Re: PUA

From: Philippe Verdy (verdy_p@wanadoo.fr)
Date: Tue Oct 21 2003 - 02:30:19 CST


Marco Cimarosti <marco.cimarosti@essetre.it> writes:
> Now, my PuaInterpretation variable contains the following information:
>
> Foobar.ttf
>
> And my string contains the following text:
>
> 
> (U+E017 U+E009)
>
> Now, what's the next step? What am I supposed to do to find out whether,
> according to the PUA interpretation called "Foobar.ttf", U+E017 and U+E009
> are letters or not?

Effectively, I don't like the idea of tagging PUA text with "font names
tags".

I'd rather prefer tagging the PUA text with "script name tags" (I mean
the extended user-defined script codes like "x-klingon", followed by
a base codepoint indicator and a codespace length like
"x-klingon;b=E000;l=80):

- this gives a real interpretation to PUAs, evaluated in their context,

- it allows remapping them locally to other ranges in case of conflict
between
multiple PUA conventions uses

- the script indicator name can be mapped locally to a character properties
database, indexed at the relative codepoint in the PUA convention codespace.
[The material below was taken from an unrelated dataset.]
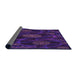 Thickness of Patterned Midnight Blue Rug, pat1370pur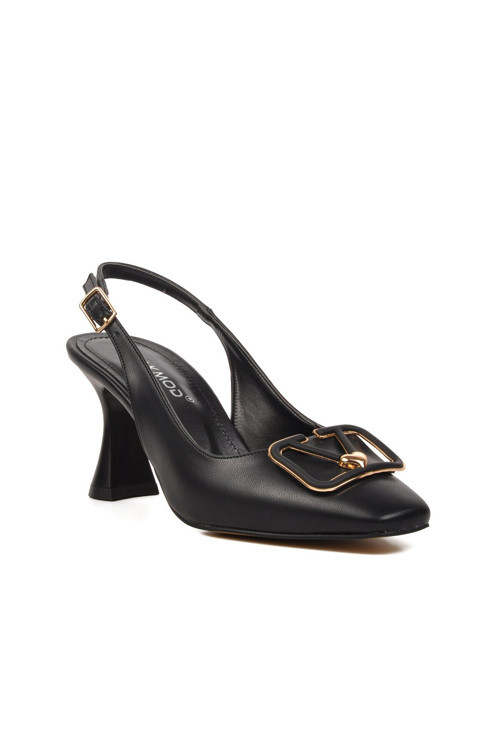 Kadın Tokalı Sivri Burun Slingback Orta Topuklu Klasik Stiletto Ayakkabı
- any number of fonts can be designed to work with PUAs even if they are
sharing conflicting codespaces.

- any language can use this system.

- no more need for extra planes

- experimentation with new scripts still not standardized is possible,
including
for character properties, breaking behavior, layout, grapheme clustering,
...

- emulation of new standardized scripts becomes possible on previous
implementations that lack support for new characters or scripts...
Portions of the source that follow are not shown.